Feature engineering, Data wrangling and Visualization are all aspects of Data Preparation – one of the most important phases in any standard data mining or machine learning workflow. Dipanjan Sarkar, Data Scientist\Author and your Hacker for this session, believes feature engineering is both an art as well as a science.
““Coming up with features is difficult, time-consuming, requires expert knowledge. ‘Applied machine learning’ is basically feature engineering” – Prof. Andrew Ng
Even with the advent of automated machine learning tools (auto-ml) and automated feature engineering libraries, more than often, creative and innovative hand-crafted features can often be the deciding factor in winning competitions or getting a real-world project from being a proof of concept to being deployed in production.
In this one-hour hack session, Dipanjan will be taking a structured and comprehensive hands-on approach (with Python), where we will explore two interesting case studies based on real-world problems!
In Case Study 1, we will look at predicting taxi fare prices around New York City. This will be a regression problem at scale where we will be dealing with millions of data points! We will start with building a simple baseline model and then incrementally build on our baseline model with a wide variety of feature engineering techniques which include the following.
- Outlier Analysis and Removal
- Temporal Features based on Date & Time
- Geographic Distance Features
- Visualizing Frequent Trip Patterns
- Hand-crafting trip trends into features
- Features based on trip locations and duration
- Categorical features based on trending locations
In Case Study 2, we will explore another interesting dataset pertaining to e-commerce product reviews and ratings. Here we tackle a classification problem of trying to predict recommended product ratings based on the customer review descriptions – a classic NLP problem!
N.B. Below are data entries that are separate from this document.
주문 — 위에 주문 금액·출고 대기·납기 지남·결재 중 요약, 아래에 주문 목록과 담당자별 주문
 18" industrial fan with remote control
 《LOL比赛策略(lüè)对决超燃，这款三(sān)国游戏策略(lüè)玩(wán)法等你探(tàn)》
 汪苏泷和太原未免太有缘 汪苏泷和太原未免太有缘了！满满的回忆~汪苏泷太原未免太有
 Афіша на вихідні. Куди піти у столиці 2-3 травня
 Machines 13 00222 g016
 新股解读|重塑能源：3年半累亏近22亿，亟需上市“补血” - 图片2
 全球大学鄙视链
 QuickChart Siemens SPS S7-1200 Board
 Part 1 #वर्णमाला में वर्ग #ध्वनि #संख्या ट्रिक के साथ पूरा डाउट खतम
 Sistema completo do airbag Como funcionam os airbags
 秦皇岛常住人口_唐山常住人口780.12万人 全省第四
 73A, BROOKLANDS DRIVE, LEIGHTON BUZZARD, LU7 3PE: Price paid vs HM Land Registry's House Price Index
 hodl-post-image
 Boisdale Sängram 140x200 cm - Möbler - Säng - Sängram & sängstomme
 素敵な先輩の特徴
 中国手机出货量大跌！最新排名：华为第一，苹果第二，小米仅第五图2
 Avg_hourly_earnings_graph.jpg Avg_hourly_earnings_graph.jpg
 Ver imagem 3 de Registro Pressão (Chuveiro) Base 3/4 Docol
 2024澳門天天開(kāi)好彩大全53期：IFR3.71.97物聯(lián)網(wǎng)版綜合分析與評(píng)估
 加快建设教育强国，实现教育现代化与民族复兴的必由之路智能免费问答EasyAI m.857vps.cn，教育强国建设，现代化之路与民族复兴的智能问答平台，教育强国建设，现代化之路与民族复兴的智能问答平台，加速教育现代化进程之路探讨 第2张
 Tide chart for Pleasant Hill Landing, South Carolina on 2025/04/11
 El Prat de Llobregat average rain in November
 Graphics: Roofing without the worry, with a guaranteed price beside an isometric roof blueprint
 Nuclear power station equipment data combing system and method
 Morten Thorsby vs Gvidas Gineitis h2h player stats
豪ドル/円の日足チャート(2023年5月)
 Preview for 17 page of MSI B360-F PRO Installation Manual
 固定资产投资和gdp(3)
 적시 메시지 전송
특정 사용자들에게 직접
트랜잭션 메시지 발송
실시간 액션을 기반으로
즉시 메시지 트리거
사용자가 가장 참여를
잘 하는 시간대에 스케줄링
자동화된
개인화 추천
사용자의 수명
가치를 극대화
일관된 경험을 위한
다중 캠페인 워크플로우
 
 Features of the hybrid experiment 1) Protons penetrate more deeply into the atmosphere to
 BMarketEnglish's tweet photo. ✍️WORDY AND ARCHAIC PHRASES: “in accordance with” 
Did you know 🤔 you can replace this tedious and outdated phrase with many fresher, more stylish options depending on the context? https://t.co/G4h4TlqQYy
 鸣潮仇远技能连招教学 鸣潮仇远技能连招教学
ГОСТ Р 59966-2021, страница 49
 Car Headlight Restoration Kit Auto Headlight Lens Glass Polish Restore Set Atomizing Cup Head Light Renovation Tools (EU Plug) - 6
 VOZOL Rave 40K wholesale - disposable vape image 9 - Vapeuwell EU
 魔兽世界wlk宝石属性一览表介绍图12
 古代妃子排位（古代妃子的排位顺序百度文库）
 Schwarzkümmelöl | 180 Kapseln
Here we will explore the following techniques in detail.
- Classic NLP count based features from text
- Features based on POS Tags
- Features derived from Sentiment Analysis
- Text Pre-processing & Wrangling
- Classic Bag of Words based Features
- Bi-grams and Tri-grams with intelligence feature selection
At every stage we will build relevant models and test the performance and effectiveness of each featureset which we generate incrementally and finally conclude with the best model and set of relevant features.
Key Takeaways from this Hack Session:
- Understand the need and importance of feature engineering, data wrangling and visualization
- Look at real-world problems where hand-crafted features and human domain expertise might be more useful than randomly building a bunch of features or models using automated techniques or meta-heuristics
- Hands-on demonstration of feature engineering and machine learning modeling on big datasets having millions of data points
- Comprehensive coverage of popular feature engineering techniques for structured data including numeric, categorical, temporal and geospatial features
- Comprehensive coverage of popular feature engineering techniques for unstructured text data including count based features, POS tags, sentiment analysis, bag of words and so on
- Notebooks will be shared on GitHub for you to take home and use them in your own problems in the future!